The first one is that “fake news” is not, as a lot of people might think, simple and naive lies produced by people who don’t know what they are doing. It’s the opposite! In most cases, especially when it comes to elections and politics, hackers and campaign organizers would craft the news they want to spread very carefully, based on data analysis and collected information before using the social media platforms to reach their target audience (The Wharton School). The message itself would also be well processed and organized to look like real and credible news, so the reader will need a lot of attention and deep emotional thinking to understand what’s happening behind the scene. Simply, “fake news” is a well-designed piece of content targeting a specific audience and not everyone!

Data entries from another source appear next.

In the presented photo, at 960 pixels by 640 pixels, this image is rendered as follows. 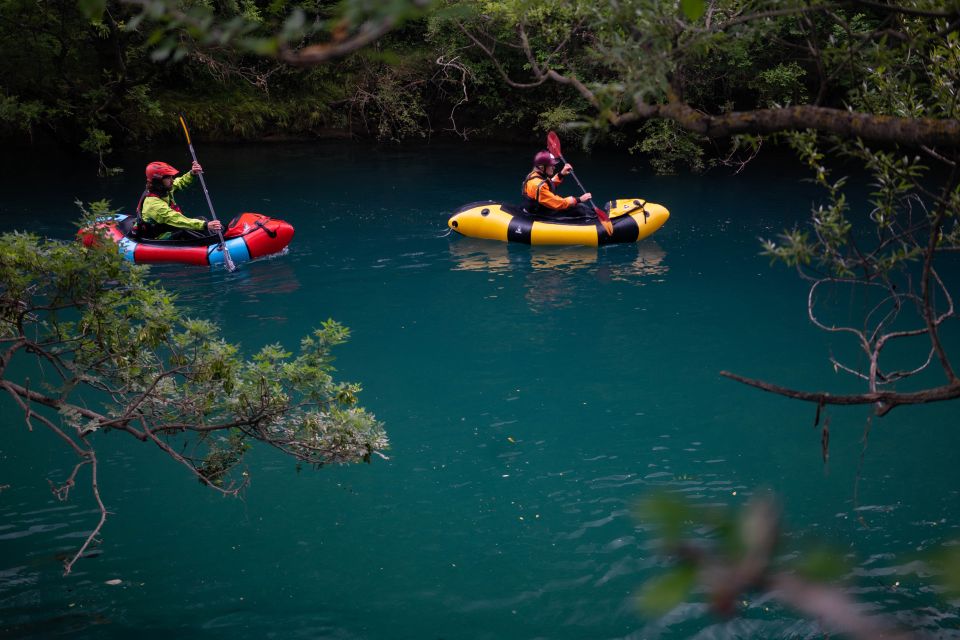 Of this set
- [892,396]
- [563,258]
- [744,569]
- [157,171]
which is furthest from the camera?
[563,258]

The human brain's cognitive biases make our daily lives easier and save energy to be used for harder tasks and challenges. Image credit: revenue-hub.com

Another deeper factor responsible for the spread of “fake news” is related to the way our brains work. I’ve always wondered why people believe many rumors and false information, although facts are available for everyone via different sources. The answer is that people tend to believe what they like! A few years earlier, I came to know about “cognitive biases”, a term used to describe how the human brain creates biased ideas and uses them as shortcuts, and follow them without thinking deeply (Barbara). This human feature saves the brain a lot of energy but at the same time, it leaves many gaps and creates many problems, by accepting information that might look very obvious! More importantly, although the average time a person spends on social media platforms is more than 2 hours daily, the average time people usually spend reading news is around 15 seconds! (Martin)

This explains how easy it is to fall into the trap of false and fake stories. It’s defiantly more complicated than many people would expect!

References

Barbara, University of California Santa. “Why We Fall for Fake News.” research. n.d. Webpage.

Martin, Nicole. How Social Media Has Changed How We Consume News. 13 November 2018. Article .

The Wharton School, University of Pennsylvania. Why Fake News Campaigns Are So Effective. research. Pennsylvania: The Wharton School, University of Pennsylvania., 2018.